I wrote this on the Racket educators' mailing list, and Eli Barzilay
suggested I post it here as well.
The article is about the difference between memoization and dynamic programming (DP). Before you read on, you should stop and ask yourself: Do I think these two are the same concept?; if you think they are different, How do I think they differ?; and for that matter, Do I even think of them as related?
Did you think? Okay, then read on.
They most certainly are related, because they are both mechanisms for optimizing a computation by replacing repeated sub-computations with the storage and reuse of the result of those sub-computations. (That is, both trade off space for time.) In that description is already implicit an assumption: that the sub-computation will return the same result every time (or else you can't replace the computation with its value on subsequent invocations). You've almost certainly heard of DP from an algorithms class. You've probably heard of memoization if you're a member of this language's community, but many undergrads simply never see it because algorithms textbooks ignore it; and when they do mention it they demonstrate fundamental misunderstandings (as Algorithms by Dasgupta, Papadimitriou, and Vazirani does).
Therefore, let's set aside precedent. I'll tell you how to think about them.
Memoization is fundamentally a top-down computation and DP is fundamentally bottom-up. In memoization, we observe that a computational tree can actually be represented as a computational DAG (a directed acyclic graph: the single most underrated data structure in computer science); we then use a black-box to turn the tree into a DAG. But it allows the top-down description of the problem to remain unchanged. (As I left unstated originally but commenter23 below rightly intuited, the nodes are function calls, edges are call dependencies, and the arrows are directed from caller to callee. See the pictures later in this article.)
In DP, we make the same observation, but construct the DAG from the bottom-up. That means we have to rewrite the computation to express the delta from each computational tree/DAG node to its parents. We also need a means for addressing/naming those parents (which we did not need in the top-down case, since this was implicit in the recursive call stack). This leads to inventions like DP tables, but people often fail to understand why they exist: it's primarily as a naming mechanism (and while we're at it, why not make it efficient to find a named element, ergo arrays and matrices).

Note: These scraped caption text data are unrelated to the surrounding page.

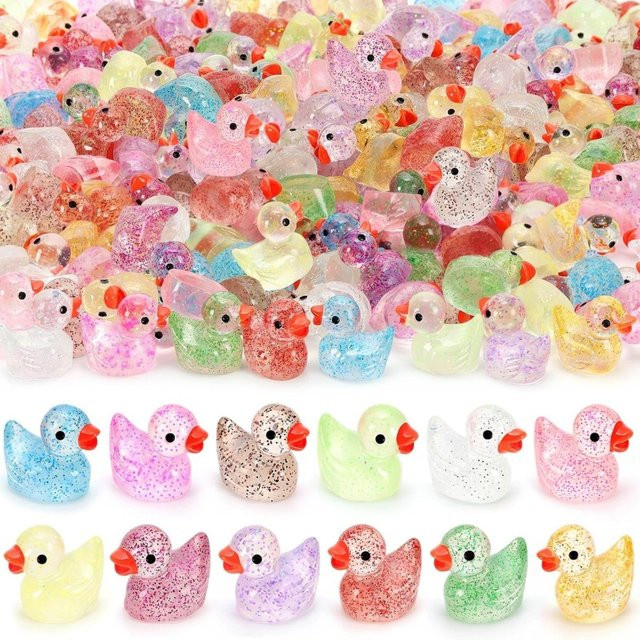 100 Stück glitzernde Mini-Harz-Enten von XMSJ in 10 Farben für DIY Garten, Mikro-Landschaft und Aquarium - Bild 1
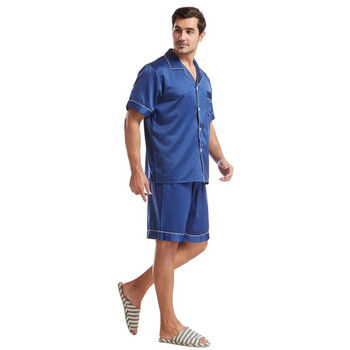 Търговия на дребно Мъжка сатенена копринена пижама Костюм Мъжко спално облекло Комплект от две части Риза с къс ръкав и шорти Домашно облекло T103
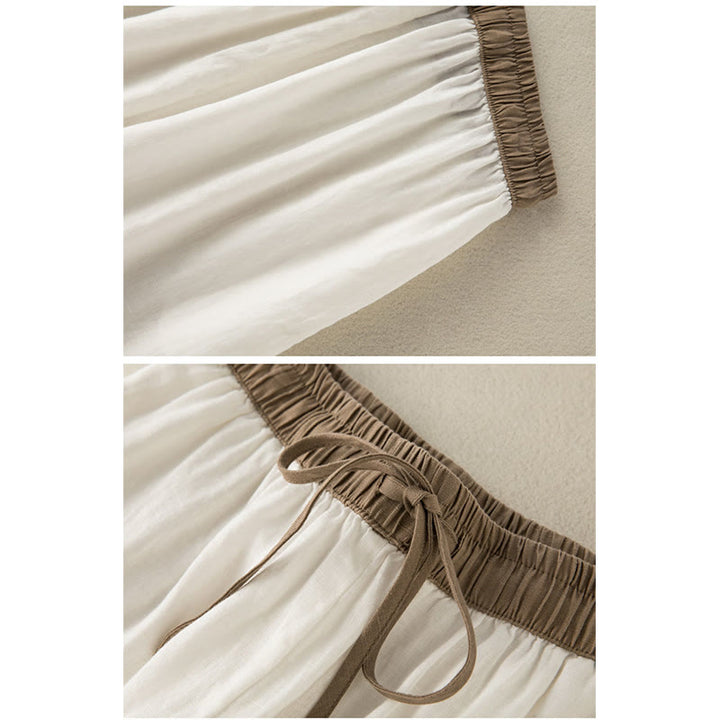 Spodnie haremowe damskie Buddha Stones Plain Cotton Drawstring z kieszeniami - image 8
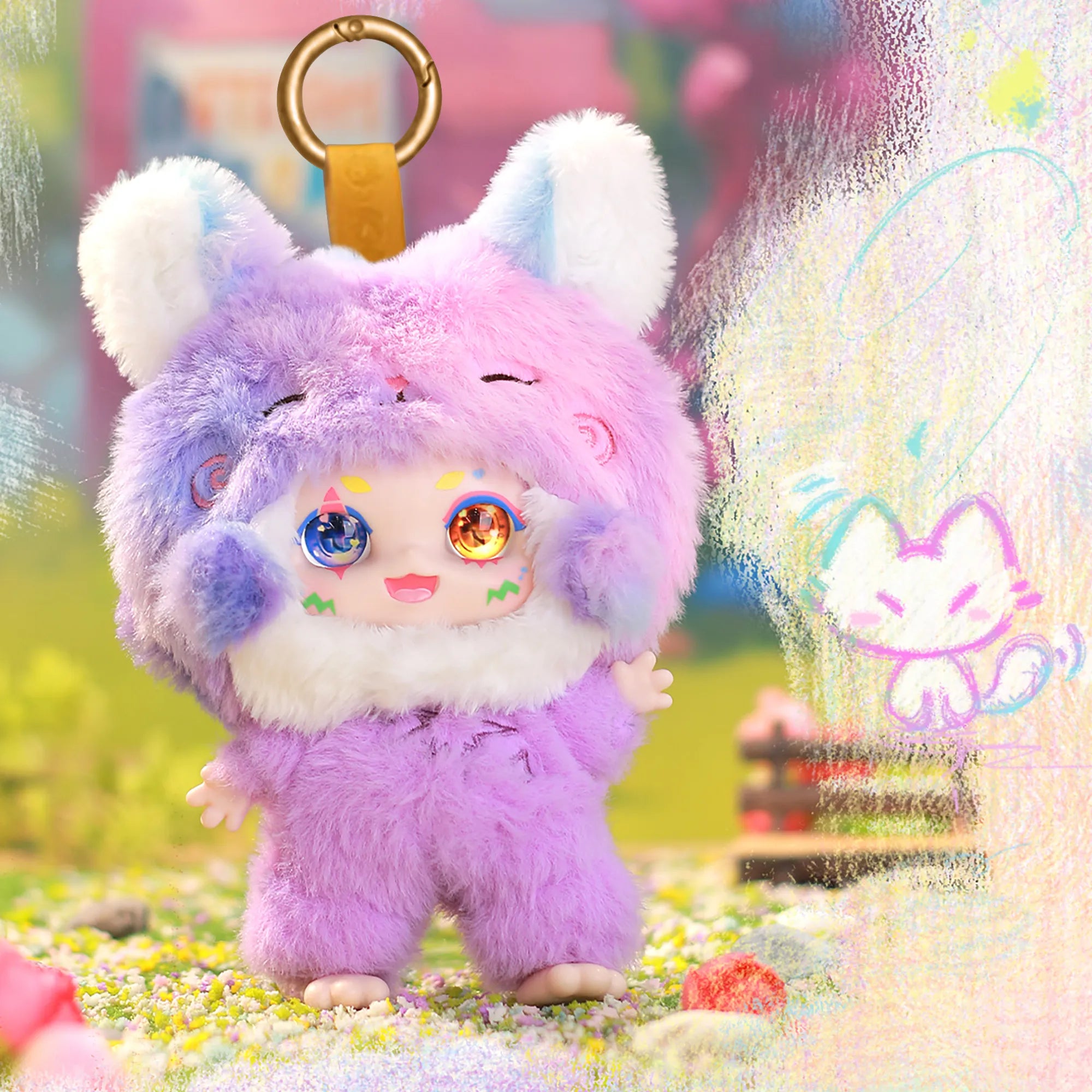 Kimmon Over The Moon colourful kitty themed premium plush doll in an outdoor garden park setting.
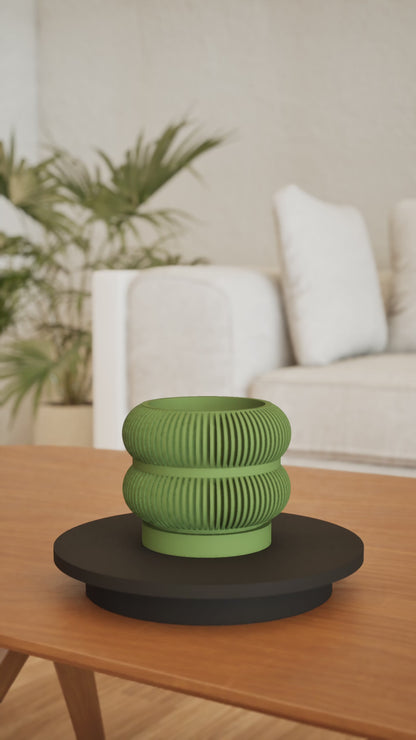 Planter Pot, Architectural Ribbed Design, Multipurpose Desktop Organizer, Succulent Container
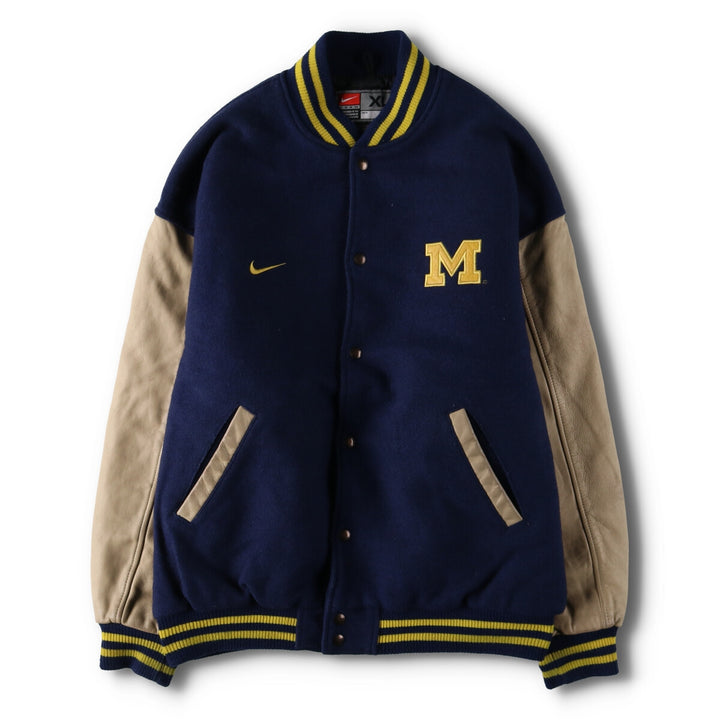 90'S Nike University of Michigan Leather Sleeve Wool Varsity Jacket Award Jacket Varsity Jacket Made in Canada Men's XL /evb009207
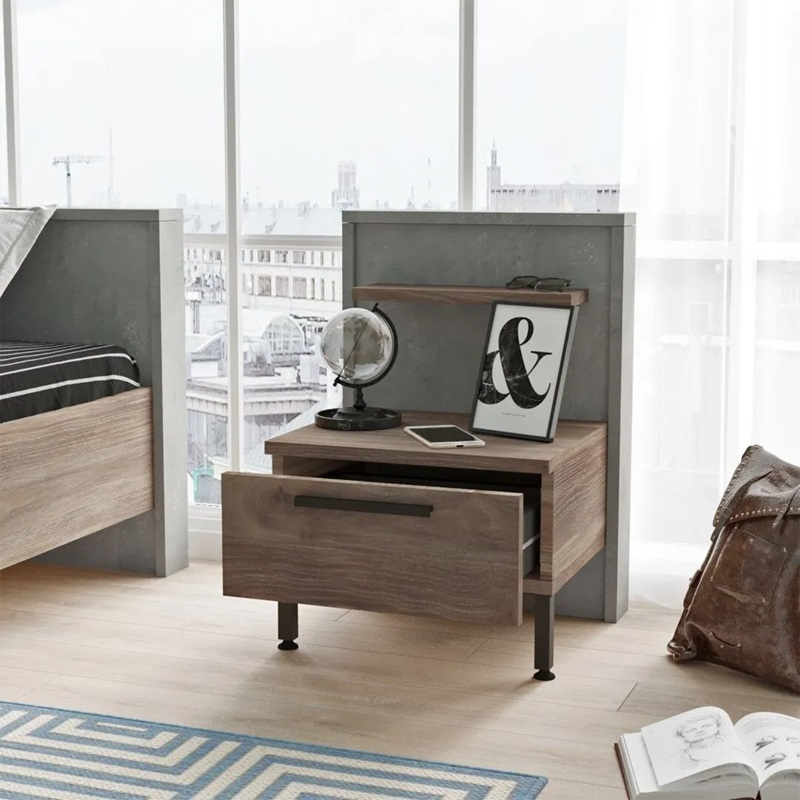 Cameretta bambino completa singola 90x190 cm marrone cemento Dexter-5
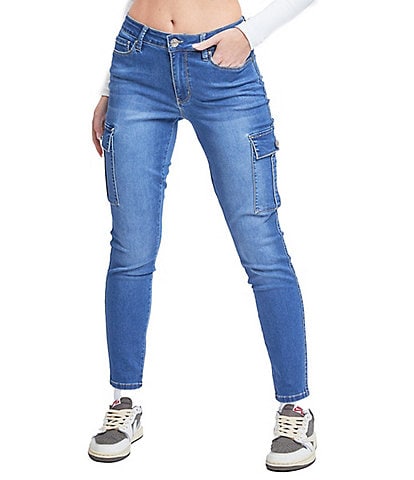 YMI Jeanswear Hyperdenim Mid Rise Skinny Cargo Jeans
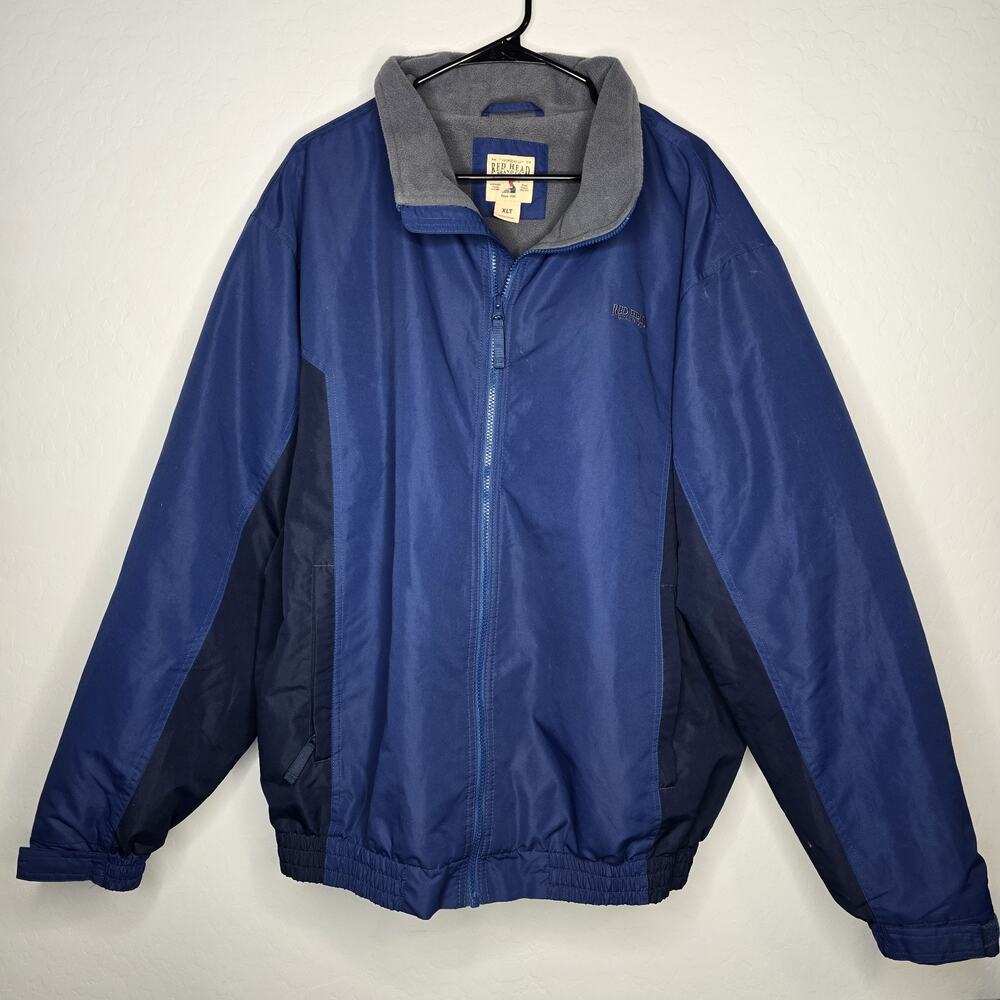 Red Head Brand Co Jacket Mens XLT Blue Fleece Lined Full Zip Windbreaker Coat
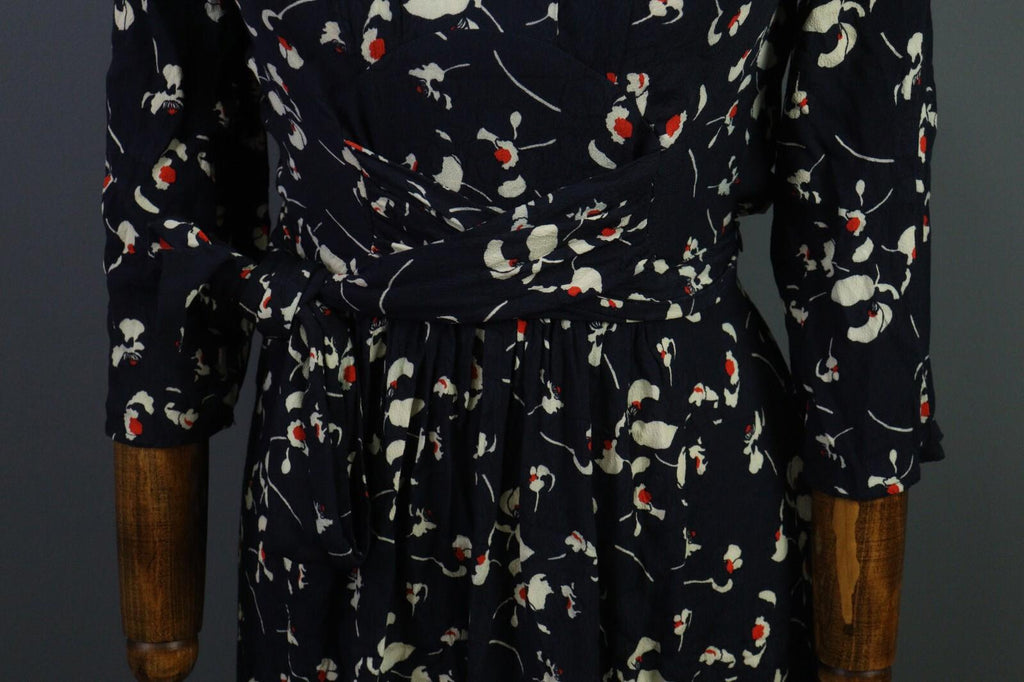 BA&SH Black Floral Long Sleeve V-Neck Belted A-Line Midi Dress – Size 4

In both cases, there is the potential for space wastage. In memoization, it is very difficult to get rid of this waste (you could have custom, space-saving memoizers, as Václav Pech points out in his comment below, but then the programmer risks using the wrong one...which to me destroys the beauty of memoization in the first place). In contrast, in DP it's easier to save space because you can just look at the delta function to see how far “back” it reaches; beyond there lies garbage, and you can come up with a cleverer representation that stores just the relevant part (the “fringe”). Once you understand this, you realize that the classic textbook linear, iterative computation of the fibonacci is just an extreme example of DP, where the entire “table” has been reduced to two iteration variables. (Did your algorithms textbook tell you that?)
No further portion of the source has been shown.